Originally Posted by Fou-Lu
That registers all of those file extensions as cgi-script and disables the cgi execution.
A better option would be to move files above the document root where they cannot be read directly with apache.
Well, on a related note...
Not knowing anything about server admin stuff, what would I have to do in my PHP script - and on my VPS (Linux) - to allow me to save a user uploaded picture to a directory *above* the Web Root??
Here is a snippet from my "upload.php" script which deals with this part of the entire operation...
// Create New Image.
* Takes an "Image Resource Identifier", returned by one of the image creation functions,
* such as imagecreatetruecolor(), and creates the actual GIF file in
* the name and location specified in $newFilePath.

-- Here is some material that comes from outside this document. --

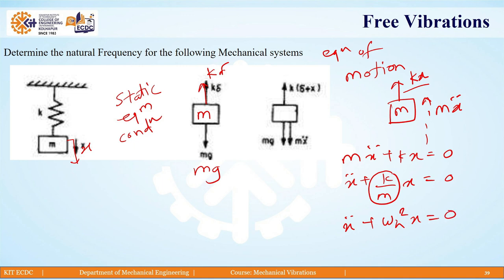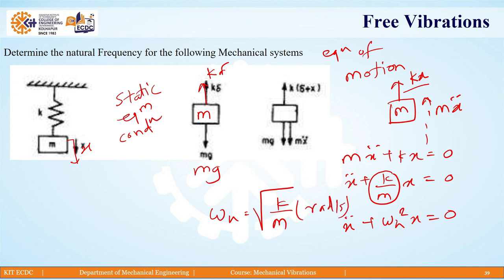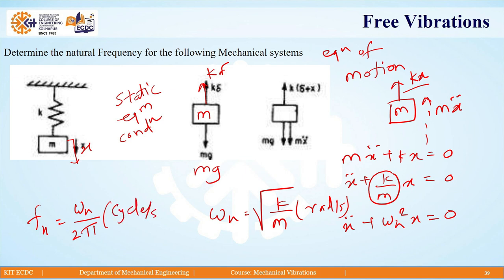Here ωn is the natural frequency of the spring-mass system, given by √(k/m), with units of radians per second. If you want the circular frequency fn, you can get it from ωn divided by 2π, and the unit will be cycles per second or hertz. In this way we derive the equation of motion and the natural frequency for a spring-mass system, which depends on spring stiffness and the attached mass.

* Returns TRUE on success or FALSE on failure.
$newPhoto = @imagegif($newTrueColorImage, $newFilePath);
$newPhoto = @imagejpeg($newTrueColorImage, $newFilePath);
$newPhoto = @imagepng($newTrueColorImage, $newFilePath);
$newPhoto = FALSE;
Is it as simple as changing things from this...
// Create New File Path.
$newFilePath = WEB_ROOT . 'uploads/' . $newFilename;
...to something like this...
// Create New File Path Outside Web Root.
$newFilePath = DIRECTORY_OUTSIDE_WEB_ROOT . 'uploads/' . $newFilename;
P.S. Are you gonna reply to my PM to you?